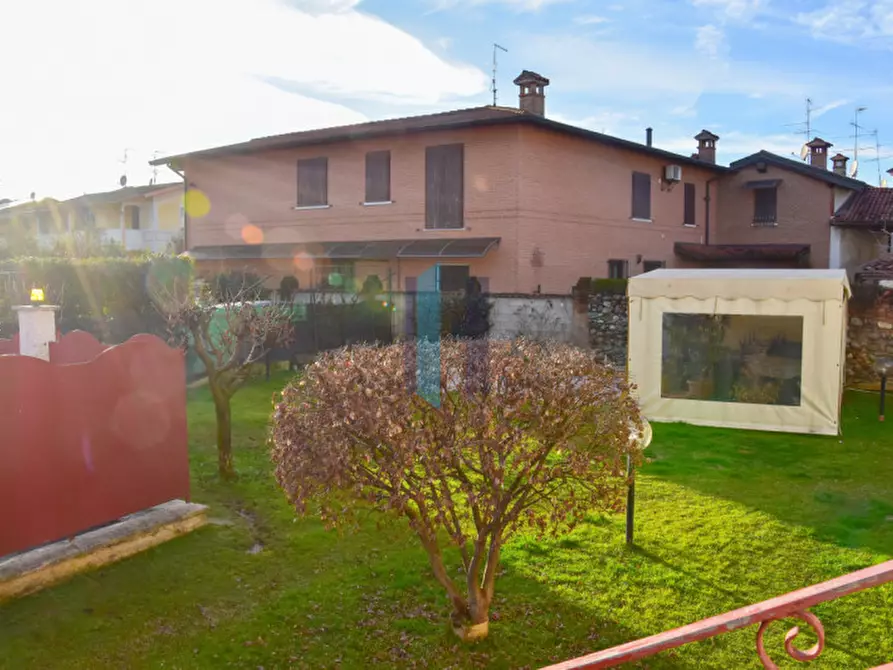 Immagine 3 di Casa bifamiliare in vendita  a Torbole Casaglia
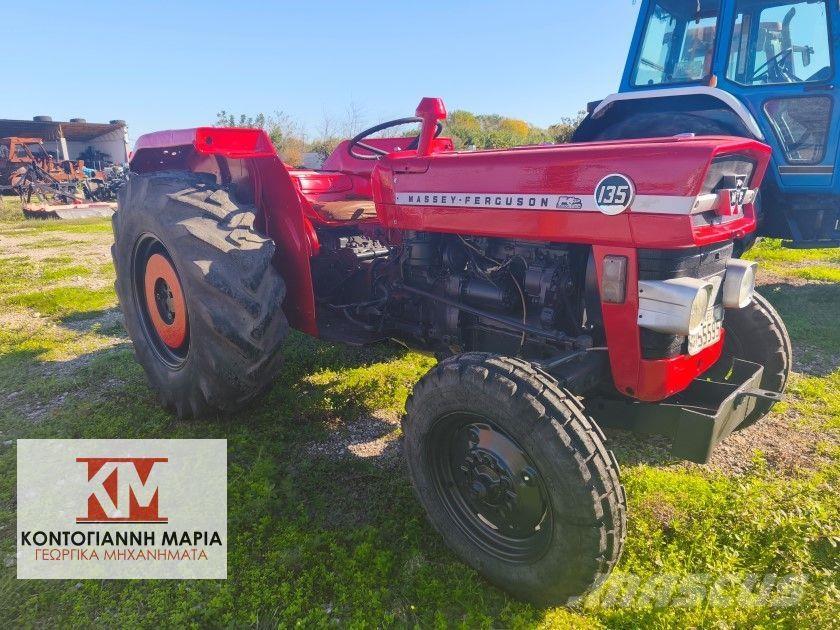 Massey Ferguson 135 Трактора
• • • • • • •
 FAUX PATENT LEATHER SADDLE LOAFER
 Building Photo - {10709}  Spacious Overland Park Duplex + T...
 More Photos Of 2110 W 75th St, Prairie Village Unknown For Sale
• • • • • • •
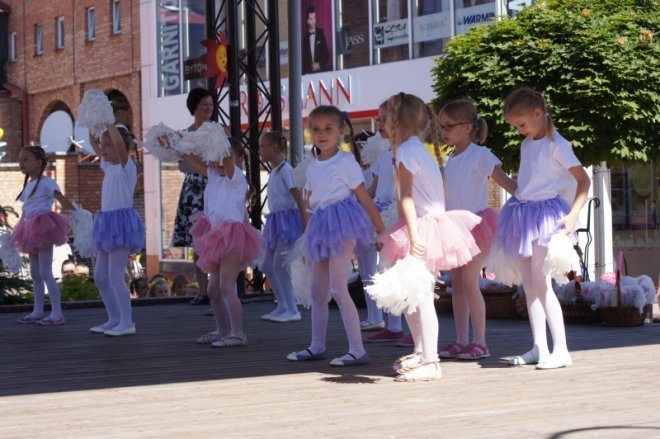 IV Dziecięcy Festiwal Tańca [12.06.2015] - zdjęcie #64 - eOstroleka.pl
• • • • • • •
In the entries above, every line from the line with "Immagine 3 di" to the line with "Massey Ferguson 135 Трактора" is to be printed exactly, with both ends included and pictures excluded.

 Immagine 3 di Casa bifamiliare in vendita  a Torbole Casaglia
 Massey Ferguson 135 Трактора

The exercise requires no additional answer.